▶ _The task_
The full set of entries is to be returned word for word.

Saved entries

•••

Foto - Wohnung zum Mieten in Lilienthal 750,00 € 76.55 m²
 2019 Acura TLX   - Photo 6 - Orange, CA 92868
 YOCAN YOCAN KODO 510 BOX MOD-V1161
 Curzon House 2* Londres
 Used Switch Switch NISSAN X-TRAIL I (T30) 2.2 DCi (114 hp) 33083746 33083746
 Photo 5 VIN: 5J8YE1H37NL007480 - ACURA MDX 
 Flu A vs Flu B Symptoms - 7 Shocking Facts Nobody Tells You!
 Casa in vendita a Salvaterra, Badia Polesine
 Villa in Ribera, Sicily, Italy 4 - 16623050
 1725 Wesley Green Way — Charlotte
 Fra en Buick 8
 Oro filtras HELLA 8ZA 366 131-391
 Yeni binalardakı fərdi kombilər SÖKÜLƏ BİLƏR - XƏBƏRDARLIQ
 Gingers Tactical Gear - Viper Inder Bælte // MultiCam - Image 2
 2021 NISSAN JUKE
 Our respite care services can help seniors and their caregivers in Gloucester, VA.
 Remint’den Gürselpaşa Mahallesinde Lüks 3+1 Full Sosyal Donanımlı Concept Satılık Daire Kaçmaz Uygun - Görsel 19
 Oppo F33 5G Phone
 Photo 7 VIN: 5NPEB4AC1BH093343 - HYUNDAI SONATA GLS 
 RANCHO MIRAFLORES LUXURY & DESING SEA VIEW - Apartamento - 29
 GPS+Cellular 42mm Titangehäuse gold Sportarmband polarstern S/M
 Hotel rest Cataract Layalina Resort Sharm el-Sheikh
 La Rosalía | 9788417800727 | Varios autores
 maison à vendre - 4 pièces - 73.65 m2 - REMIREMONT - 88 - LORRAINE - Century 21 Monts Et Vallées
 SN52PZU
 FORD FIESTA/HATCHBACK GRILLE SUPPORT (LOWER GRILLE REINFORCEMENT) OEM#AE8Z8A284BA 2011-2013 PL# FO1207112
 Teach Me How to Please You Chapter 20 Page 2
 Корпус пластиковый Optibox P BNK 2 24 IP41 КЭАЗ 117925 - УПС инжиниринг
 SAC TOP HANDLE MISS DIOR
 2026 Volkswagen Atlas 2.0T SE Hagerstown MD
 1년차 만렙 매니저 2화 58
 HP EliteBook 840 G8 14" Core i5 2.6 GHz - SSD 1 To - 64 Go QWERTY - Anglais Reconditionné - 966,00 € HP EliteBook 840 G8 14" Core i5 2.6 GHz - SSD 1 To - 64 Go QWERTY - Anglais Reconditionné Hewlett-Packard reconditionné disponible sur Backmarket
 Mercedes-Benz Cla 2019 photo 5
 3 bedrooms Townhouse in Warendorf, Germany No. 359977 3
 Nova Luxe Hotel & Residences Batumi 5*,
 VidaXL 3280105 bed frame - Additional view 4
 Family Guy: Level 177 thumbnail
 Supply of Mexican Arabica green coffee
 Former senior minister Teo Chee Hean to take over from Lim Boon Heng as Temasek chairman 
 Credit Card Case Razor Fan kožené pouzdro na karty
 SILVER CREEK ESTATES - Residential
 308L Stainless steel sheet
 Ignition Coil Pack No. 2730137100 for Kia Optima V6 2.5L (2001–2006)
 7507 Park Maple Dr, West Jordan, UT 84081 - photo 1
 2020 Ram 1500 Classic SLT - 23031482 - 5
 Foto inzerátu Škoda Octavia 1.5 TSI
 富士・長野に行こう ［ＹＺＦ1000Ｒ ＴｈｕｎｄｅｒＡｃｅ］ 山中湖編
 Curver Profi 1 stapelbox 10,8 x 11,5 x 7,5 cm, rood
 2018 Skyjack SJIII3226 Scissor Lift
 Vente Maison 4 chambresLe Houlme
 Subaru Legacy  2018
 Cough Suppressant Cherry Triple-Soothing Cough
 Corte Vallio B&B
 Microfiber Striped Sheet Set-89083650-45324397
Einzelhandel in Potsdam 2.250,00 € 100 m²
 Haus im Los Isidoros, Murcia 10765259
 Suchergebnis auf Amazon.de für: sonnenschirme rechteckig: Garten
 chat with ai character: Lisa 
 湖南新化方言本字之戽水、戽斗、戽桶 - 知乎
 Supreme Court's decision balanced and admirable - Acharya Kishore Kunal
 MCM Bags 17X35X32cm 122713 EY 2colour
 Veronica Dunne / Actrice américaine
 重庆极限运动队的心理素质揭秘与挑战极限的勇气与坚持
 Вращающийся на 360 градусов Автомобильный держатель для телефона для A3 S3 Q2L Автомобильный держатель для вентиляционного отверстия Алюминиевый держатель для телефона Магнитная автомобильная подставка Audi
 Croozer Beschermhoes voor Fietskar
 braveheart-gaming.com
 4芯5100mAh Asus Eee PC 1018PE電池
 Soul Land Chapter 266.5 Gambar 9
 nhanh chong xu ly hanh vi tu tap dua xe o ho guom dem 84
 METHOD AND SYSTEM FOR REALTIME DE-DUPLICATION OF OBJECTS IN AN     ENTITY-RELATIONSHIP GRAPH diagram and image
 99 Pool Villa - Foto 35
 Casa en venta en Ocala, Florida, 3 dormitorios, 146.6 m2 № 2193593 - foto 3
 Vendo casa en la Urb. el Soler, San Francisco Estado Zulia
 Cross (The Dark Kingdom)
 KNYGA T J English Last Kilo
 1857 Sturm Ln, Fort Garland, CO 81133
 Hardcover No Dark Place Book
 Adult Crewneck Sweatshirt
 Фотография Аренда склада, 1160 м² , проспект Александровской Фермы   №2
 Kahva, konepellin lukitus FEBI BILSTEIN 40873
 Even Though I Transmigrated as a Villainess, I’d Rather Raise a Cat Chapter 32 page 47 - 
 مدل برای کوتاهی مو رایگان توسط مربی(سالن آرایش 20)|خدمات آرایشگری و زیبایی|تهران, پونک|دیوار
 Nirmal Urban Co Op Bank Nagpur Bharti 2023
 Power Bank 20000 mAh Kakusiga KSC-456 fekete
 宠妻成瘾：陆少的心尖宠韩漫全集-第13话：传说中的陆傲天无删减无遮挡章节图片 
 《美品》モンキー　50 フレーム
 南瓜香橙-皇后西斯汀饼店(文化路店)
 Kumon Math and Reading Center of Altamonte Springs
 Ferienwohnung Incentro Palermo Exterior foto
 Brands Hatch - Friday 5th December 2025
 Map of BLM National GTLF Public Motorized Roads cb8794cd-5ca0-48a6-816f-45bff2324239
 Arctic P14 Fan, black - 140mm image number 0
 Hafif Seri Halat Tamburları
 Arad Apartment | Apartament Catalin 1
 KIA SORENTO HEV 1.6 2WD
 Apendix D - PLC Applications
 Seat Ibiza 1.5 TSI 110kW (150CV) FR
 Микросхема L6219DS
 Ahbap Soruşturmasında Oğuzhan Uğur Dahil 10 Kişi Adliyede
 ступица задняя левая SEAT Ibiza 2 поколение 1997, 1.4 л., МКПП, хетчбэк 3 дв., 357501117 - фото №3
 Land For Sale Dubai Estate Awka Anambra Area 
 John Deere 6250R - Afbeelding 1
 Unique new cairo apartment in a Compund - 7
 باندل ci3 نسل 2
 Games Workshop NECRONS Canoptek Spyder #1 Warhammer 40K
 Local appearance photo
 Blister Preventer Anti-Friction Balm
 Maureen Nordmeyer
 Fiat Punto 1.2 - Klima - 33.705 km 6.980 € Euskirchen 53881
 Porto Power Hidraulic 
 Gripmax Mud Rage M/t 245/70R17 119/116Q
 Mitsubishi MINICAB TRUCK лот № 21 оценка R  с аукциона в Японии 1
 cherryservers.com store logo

•••

▶ _Response_
Foto - Wohnung zum Mieten in Lilienthal 750,00 € 76.55 m²
 2019 Acura TLX   - Photo 6 - Orange, CA 92868
 YOCAN YOCAN KODO 510 BOX MOD-V1161
 Curzon House 2* Londres
 Used Switch Switch NISSAN X-TRAIL I (T30) 2.2 DCi (114 hp) 33083746 33083746
 Photo 5 VIN: 5J8YE1H37NL007480 - ACURA MDX 
 Flu A vs Flu B Symptoms - 7 Shocking Facts Nobody Tells You!
 Casa in vendita a Salvaterra, Badia Polesine
 Villa in Ribera, Sicily, Italy 4 - 16623050
 1725 Wesley Green Way — Charlotte
 Fra en Buick 8
 Oro filtras HELLA 8ZA 366 131-391
 Yeni binalardakı fərdi kombilər SÖKÜLƏ BİLƏR - XƏBƏRDARLIQ
 Gingers Tactical Gear - Viper Inder Bælte // MultiCam - Image 2
 2021 NISSAN JUKE
 Our respite care services can help seniors and their caregivers in Gloucester, VA.
 Remint’den Gürselpaşa Mahallesinde Lüks 3+1 Full Sosyal Donanımlı Concept Satılık Daire Kaçmaz Uygun - Görsel 19
 Oppo F33 5G Phone
 Photo 7 VIN: 5NPEB4AC1BH093343 - HYUNDAI SONATA GLS 
 RANCHO MIRAFLORES LUXURY & DESING SEA VIEW - Apartamento - 29
 GPS+Cellular 42mm Titangehäuse gold Sportarmband polarstern S/M
 Hotel rest Cataract Layalina Resort Sharm el-Sheikh
 La Rosalía | 9788417800727 | Varios autores
 maison à vendre - 4 pièces - 73.65 m2 - REMIREMONT - 88 - LORRAINE - Century 21 Monts Et Vallées
 SN52PZU
 FORD FIESTA/HATCHBACK GRILLE SUPPORT (LOWER GRILLE REINFORCEMENT) OEM#AE8Z8A284BA 2011-2013 PL# FO1207112
 Teach Me How to Please You Chapter 20 Page 2
 Корпус пластиковый Optibox P BNK 2 24 IP41 КЭАЗ 117925 - УПС инжиниринг
 SAC TOP HANDLE MISS DIOR
 2026 Volkswagen Atlas 2.0T SE Hagerstown MD
 1년차 만렙 매니저 2화 58
 HP EliteBook 840 G8 14" Core i5 2.6 GHz - SSD 1 To - 64 Go QWERTY - Anglais Reconditionné - 966,00 € HP EliteBook 840 G8 14" Core i5 2.6 GHz - SSD 1 To - 64 Go QWERTY - Anglais Reconditionné Hewlett-Packard reconditionné disponible sur Backmarket
 Mercedes-Benz Cla 2019 photo 5
 3 bedrooms Townhouse in Warendorf, Germany No. 359977 3
 Nova Luxe Hotel & Residences Batumi 5*,
 VidaXL 3280105 bed frame - Additional view 4
 Family Guy: Level 177 thumbnail
 Supply of Mexican Arabica green coffee
 Former senior minister Teo Chee Hean to take over from Lim Boon Heng as Temasek chairman 
 Credit Card Case Razor Fan kožené pouzdro na karty
 SILVER CREEK ESTATES - Residential
 308L Stainless steel sheet
 Ignition Coil Pack No. 2730137100 for Kia Optima V6 2.5L (2001–2006)
 7507 Park Maple Dr, West Jordan, UT 84081 - photo 1
 2020 Ram 1500 Classic SLT - 23031482 - 5
 Foto inzerátu Škoda Octavia 1.5 TSI
 富士・長野に行こう ［ＹＺＦ1000Ｒ ＴｈｕｎｄｅｒＡｃｅ］ 山中湖編
 Curver Profi 1 stapelbox 10,8 x 11,5 x 7,5 cm, rood
 2018 Skyjack SJIII3226 Scissor Lift
 Vente Maison 4 chambresLe Houlme
 Subaru Legacy  2018
 Cough Suppressant Cherry Triple-Soothing Cough
 Corte Vallio B&B
 Microfiber Striped Sheet Set-89083650-45324397
Einzelhandel in Potsdam 2.250,00 € 100 m²
 Haus im Los Isidoros, Murcia 10765259
 Suchergebnis auf Amazon.de für: sonnenschirme rechteckig: Garten
 chat with ai character: Lisa 
 湖南新化方言本字之戽水、戽斗、戽桶 - 知乎
 Supreme Court's decision balanced and admirable - Acharya Kishore Kunal
 MCM Bags 17X35X32cm 122713 EY 2colour
 Veronica Dunne / Actrice américaine
 重庆极限运动队的心理素质揭秘与挑战极限的勇气与坚持
 Вращающийся на 360 градусов Автомобильный держатель для телефона для A3 S3 Q2L Автомобильный держатель для вентиляционного отверстия Алюминиевый держатель для телефона Магнитная автомобильная подставка Audi
 Croozer Beschermhoes voor Fietskar
 braveheart-gaming.com
 4芯5100mAh Asus Eee PC 1018PE電池
 Soul Land Chapter 266.5 Gambar 9
 nhanh chong xu ly hanh vi tu tap dua xe o ho guom dem 84
 METHOD AND SYSTEM FOR REALTIME DE-DUPLICATION OF OBJECTS IN AN     ENTITY-RELATIONSHIP GRAPH diagram and image
 99 Pool Villa - Foto 35
 Casa en venta en Ocala, Florida, 3 dormitorios, 146.6 m2 № 2193593 - foto 3
 Vendo casa en la Urb. el Soler, San Francisco Estado Zulia
 Cross (The Dark Kingdom)
 KNYGA T J English Last Kilo
 1857 Sturm Ln, Fort Garland, CO 81133
 Hardcover No Dark Place Book
 Adult Crewneck Sweatshirt
 Фотография Аренда склада, 1160 м² , проспект Александровской Фермы   №2
 Kahva, konepellin lukitus FEBI BILSTEIN 40873
 Even Though I Transmigrated as a Villainess, I’d Rather Raise a Cat Chapter 32 page 47 - 
 مدل برای کوتاهی مو رایگان توسط مربی(سالن آرایش 20)|خدمات آرایشگری و زیبایی|تهران, پونک|دیوار
 Nirmal Urban Co Op Bank Nagpur Bharti 2023
 Power Bank 20000 mAh Kakusiga KSC-456 fekete
 宠妻成瘾：陆少的心尖宠韩漫全集-第13话：传说中的陆傲天无删减无遮挡章节图片 
 《美品》モンキー　50 フレーム
 南瓜香橙-皇后西斯汀饼店(文化路店)
 Kumon Math and Reading Center of Altamonte Springs
 Ferienwohnung Incentro Palermo Exterior foto
 Brands Hatch - Friday 5th December 2025
 Map of BLM National GTLF Public Motorized Roads cb8794cd-5ca0-48a6-816f-45bff2324239
 Arctic P14 Fan, black - 140mm image number 0
 Hafif Seri Halat Tamburları
 Arad Apartment | Apartament Catalin 1
 KIA SORENTO HEV 1.6 2WD
 Apendix D - PLC Applications
 Seat Ibiza 1.5 TSI 110kW (150CV) FR
 Микросхема L6219DS
 Ahbap Soruşturmasında Oğuzhan Uğur Dahil 10 Kişi Adliyede
 ступица задняя левая SEAT Ibiza 2 поколение 1997, 1.4 л., МКПП, хетчбэк 3 дв., 357501117 - фото №3
 Land For Sale Dubai Estate Awka Anambra Area 
 John Deere 6250R - Afbeelding 1
 Unique new cairo apartment in a Compund - 7
 باندل ci3 نسل 2
 Games Workshop NECRONS Canoptek Spyder #1 Warhammer 40K
 Local appearance photo
 Blister Preventer Anti-Friction Balm
 Maureen Nordmeyer
 Fiat Punto 1.2 - Klima - 33.705 km 6.980 € Euskirchen 53881
 Porto Power Hidraulic 
 Gripmax Mud Rage M/t 245/70R17 119/116Q
 Mitsubishi MINICAB TRUCK лот № 21 оценка R  с аукциона в Японии 1
 cherryservers.com store logo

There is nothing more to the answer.